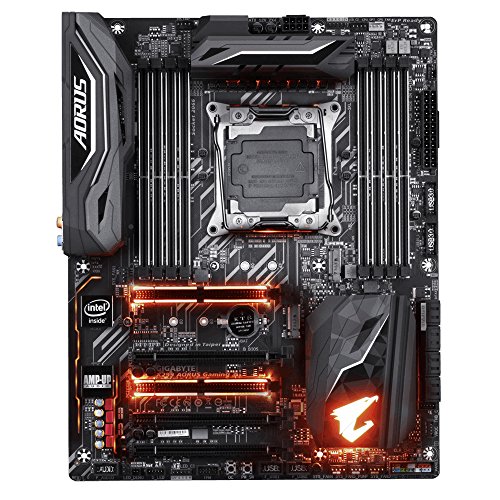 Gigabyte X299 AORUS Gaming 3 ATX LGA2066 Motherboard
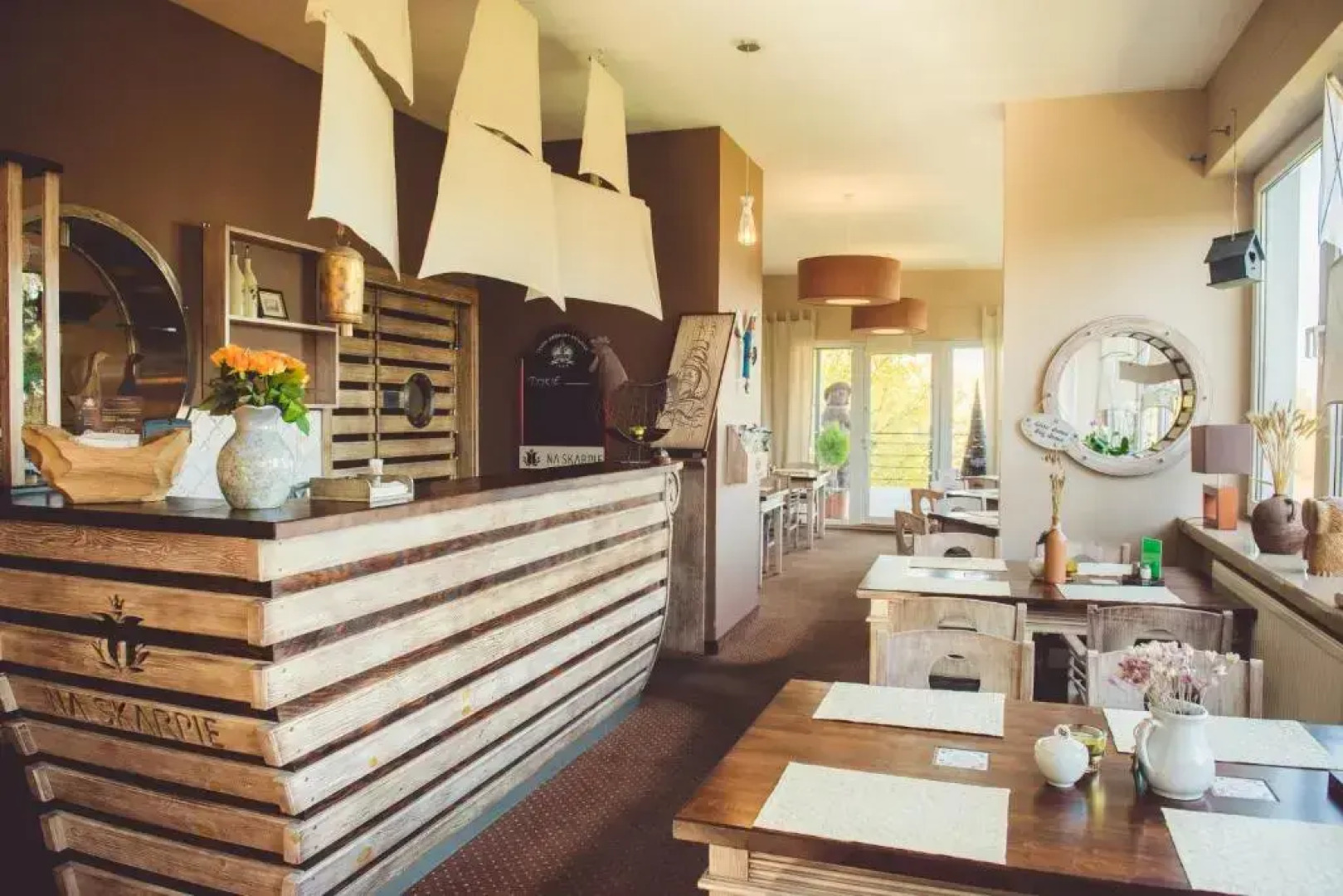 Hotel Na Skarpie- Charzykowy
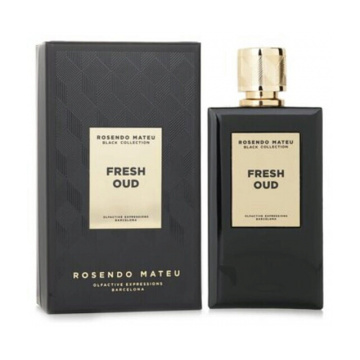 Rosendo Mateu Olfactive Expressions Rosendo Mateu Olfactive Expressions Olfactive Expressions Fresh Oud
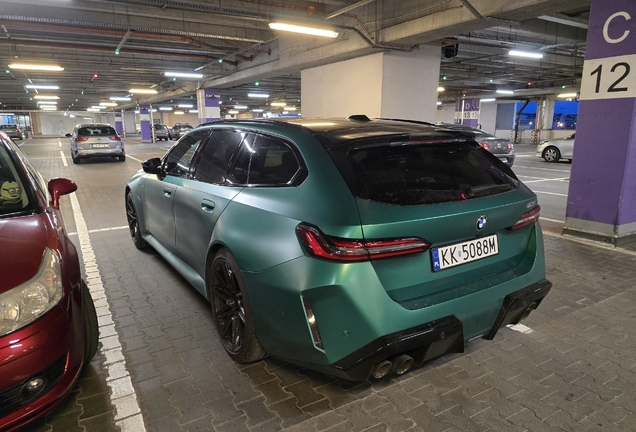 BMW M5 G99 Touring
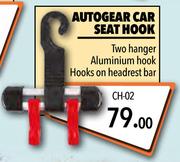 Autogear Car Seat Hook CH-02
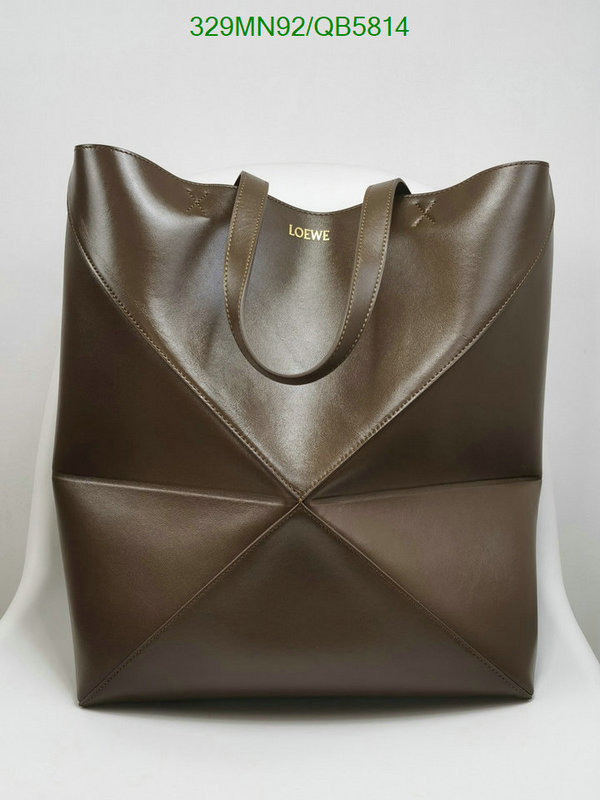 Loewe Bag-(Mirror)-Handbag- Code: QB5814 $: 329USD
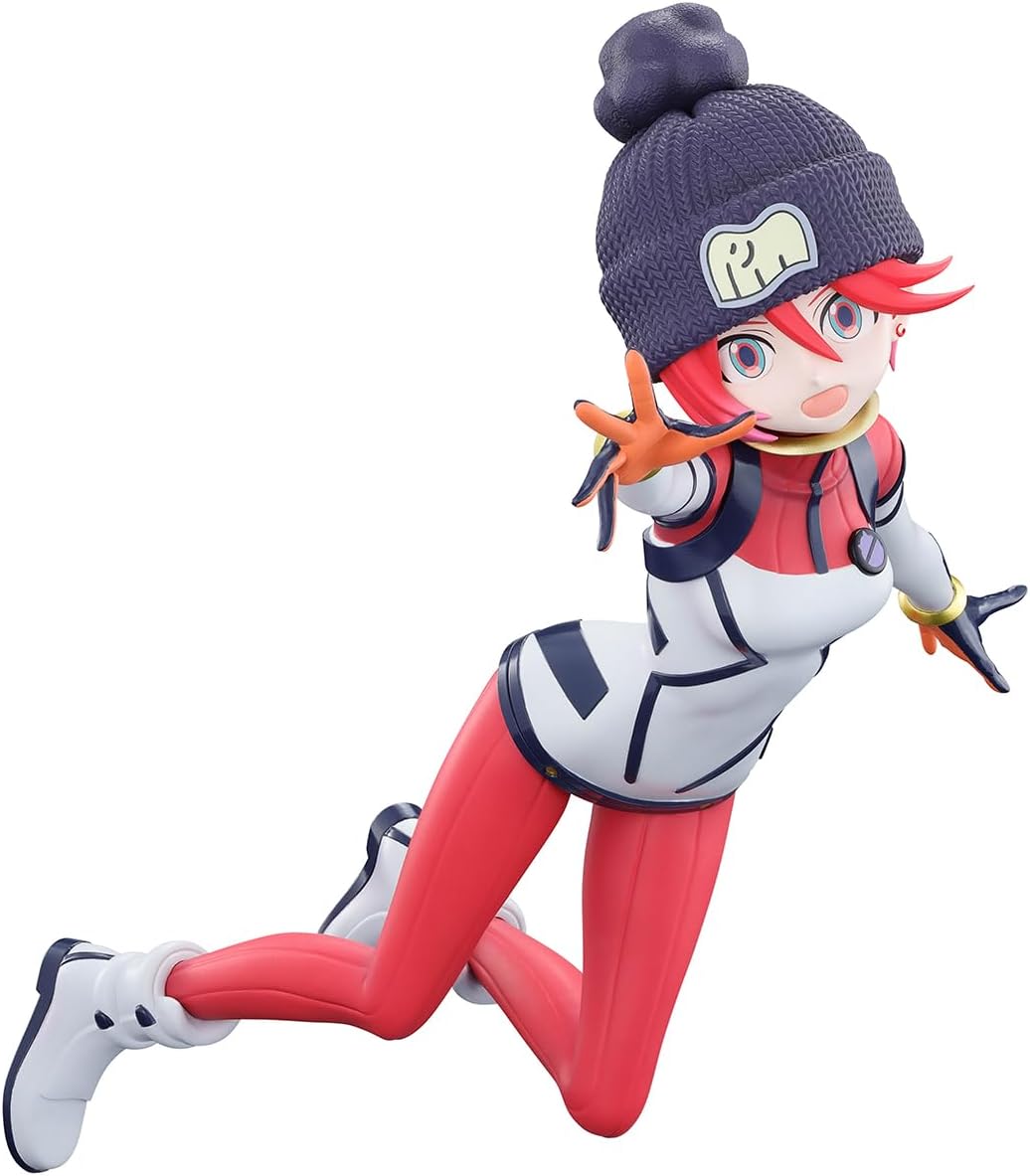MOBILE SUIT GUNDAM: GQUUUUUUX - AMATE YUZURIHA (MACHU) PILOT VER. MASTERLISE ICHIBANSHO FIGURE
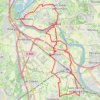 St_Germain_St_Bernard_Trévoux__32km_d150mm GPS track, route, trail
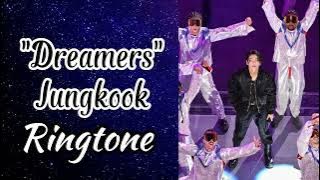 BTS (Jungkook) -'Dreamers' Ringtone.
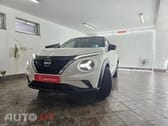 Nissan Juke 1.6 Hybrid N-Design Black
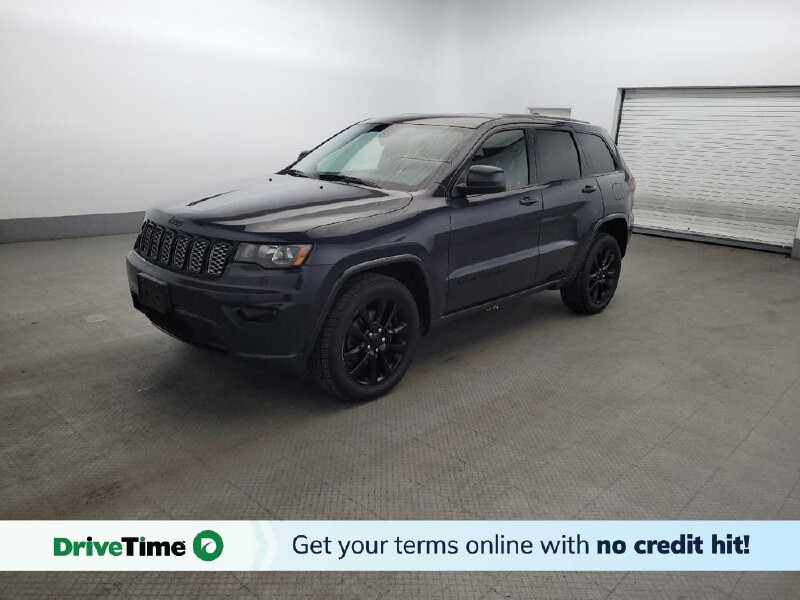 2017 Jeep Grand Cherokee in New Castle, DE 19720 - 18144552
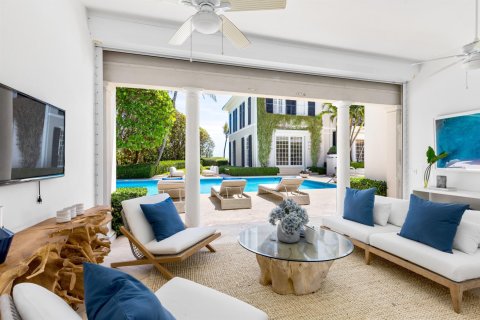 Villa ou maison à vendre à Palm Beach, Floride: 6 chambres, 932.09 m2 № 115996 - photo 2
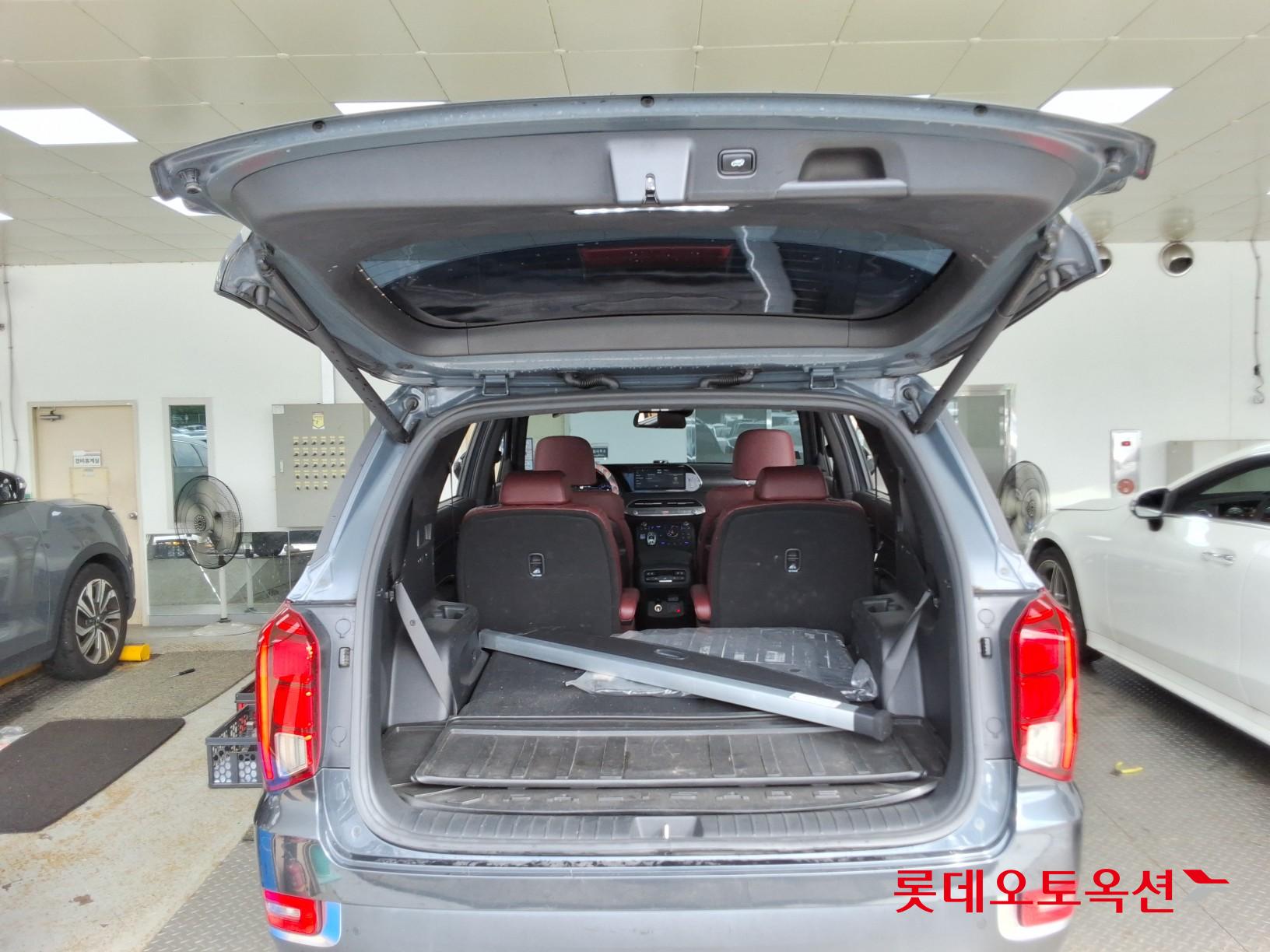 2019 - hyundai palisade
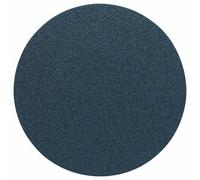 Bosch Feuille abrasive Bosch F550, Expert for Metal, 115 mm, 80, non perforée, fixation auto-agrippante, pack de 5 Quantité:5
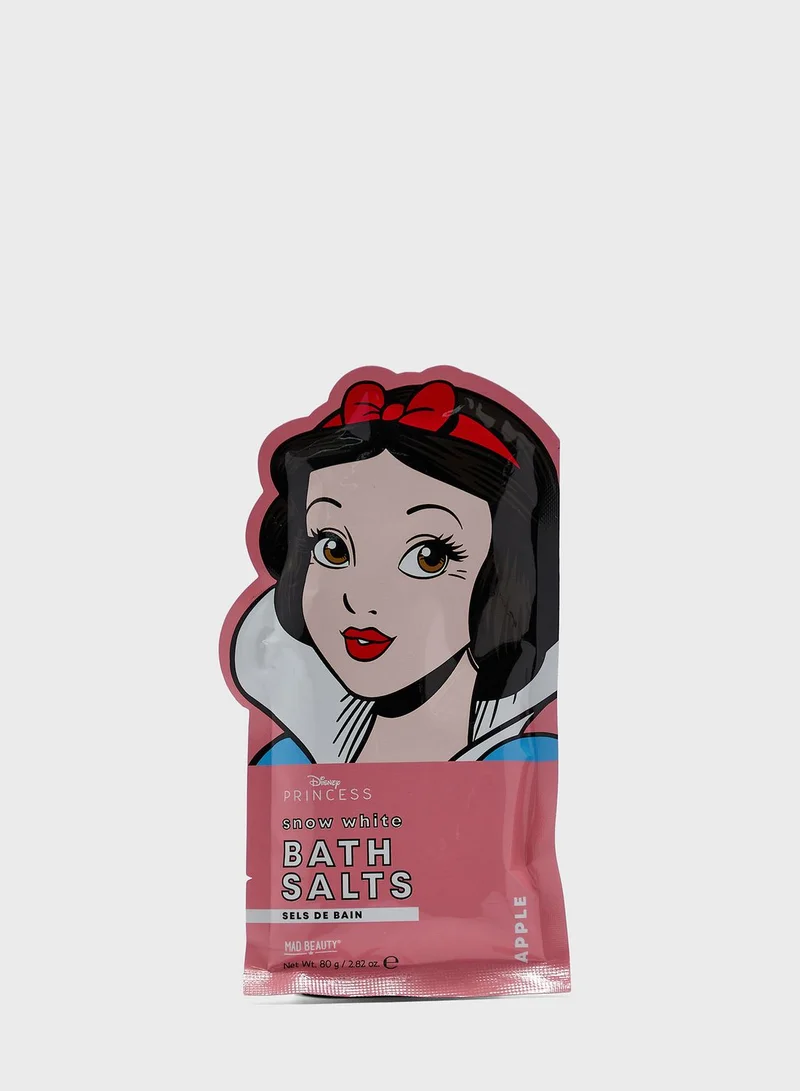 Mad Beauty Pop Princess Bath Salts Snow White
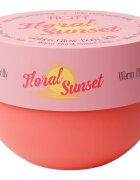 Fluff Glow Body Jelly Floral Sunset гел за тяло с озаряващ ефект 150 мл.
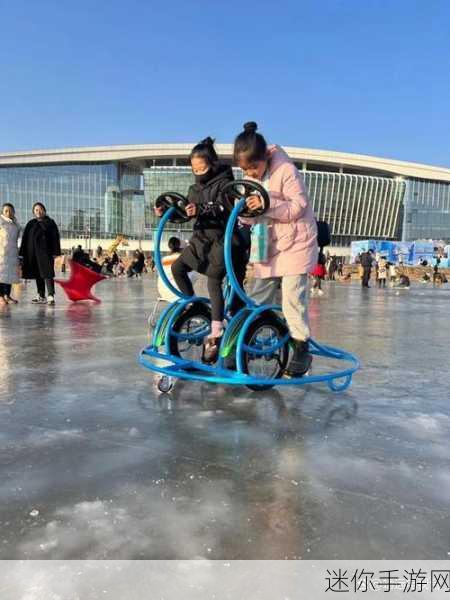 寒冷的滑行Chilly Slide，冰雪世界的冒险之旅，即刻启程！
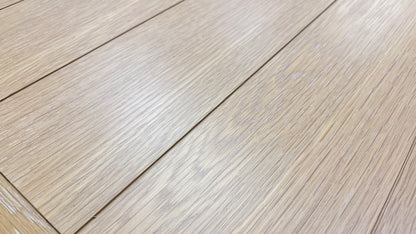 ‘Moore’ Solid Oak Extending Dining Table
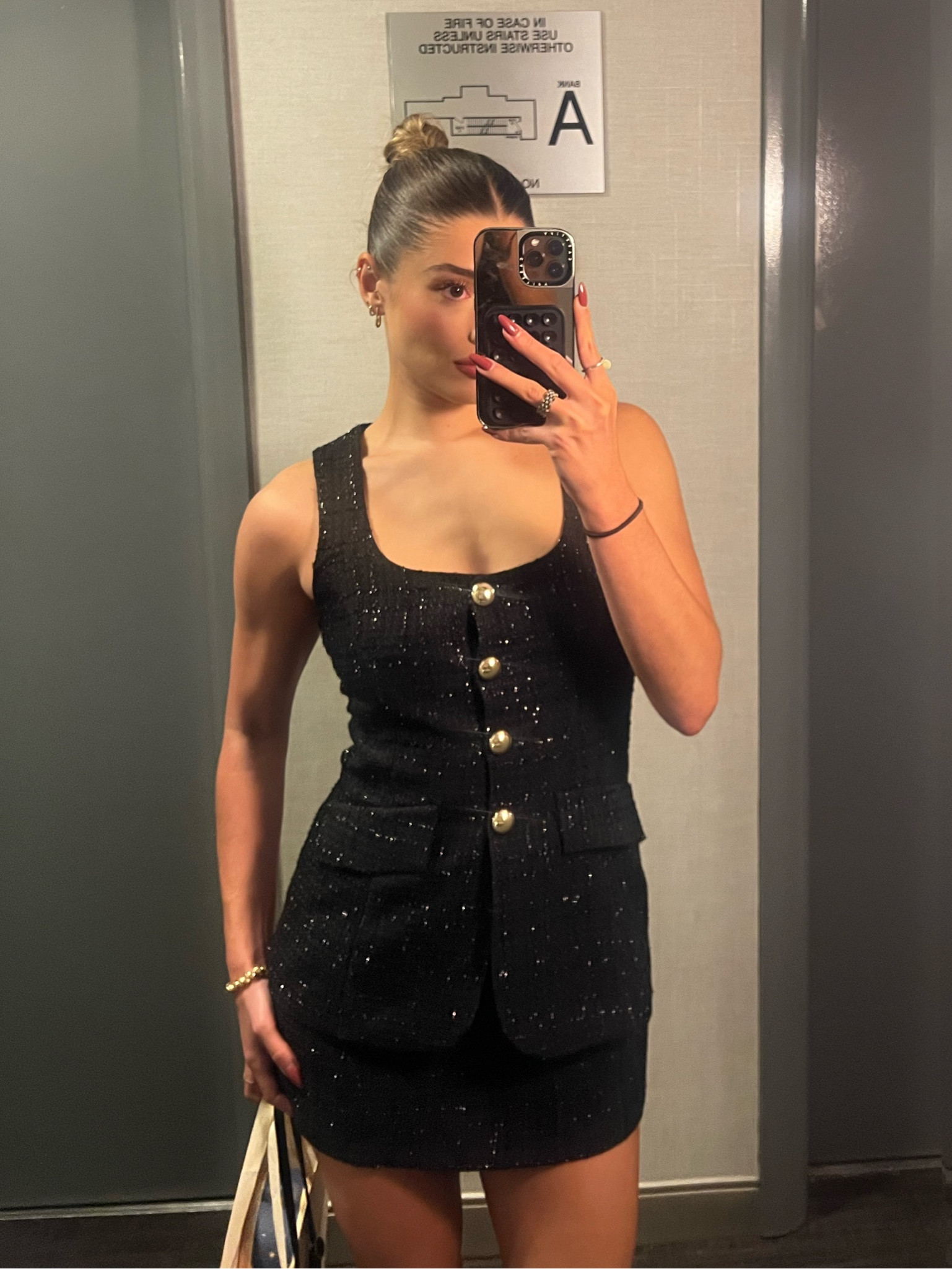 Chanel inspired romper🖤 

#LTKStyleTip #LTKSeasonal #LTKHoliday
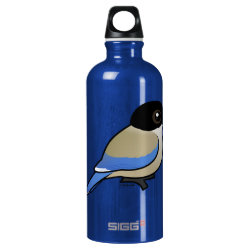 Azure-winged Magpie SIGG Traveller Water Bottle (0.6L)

◆ What is being asked
No pictures should appear; only the lines from the first line of the records through the line with "2019 - hyundai palisade", both included, are to be restated word for word.

◆ Task answer
 Gigabyte X299 AORUS Gaming 3 ATX LGA2066 Motherboard
 Hotel Na Skarpie- Charzykowy
 Rosendo Mateu Olfactive Expressions Rosendo Mateu Olfactive Expressions Olfactive Expressions Fresh Oud
 BMW M5 G99 Touring
 Autogear Car Seat Hook CH-02
 Loewe Bag-(Mirror)-Handbag- Code: QB5814 $: 329USD
MOBILE SUIT GUNDAM: GQUUUUUUX - AMATE YUZURIHA (MACHU) PILOT VER. MASTERLISE ICHIBANSHO FIGURE
 St_Germain_St_Bernard_Trévoux__32km_d150mm GPS track, route, trail
 BTS (Jungkook) -'Dreamers' Ringtone.
 Nissan Juke 1.6 Hybrid N-Design Black
 2017 Jeep Grand Cherokee in New Castle, DE 19720 - 18144552
 Villa ou maison à vendre à Palm Beach, Floride: 6 chambres, 932.09 m2 № 115996 - photo 2
 2019 - hyundai palisade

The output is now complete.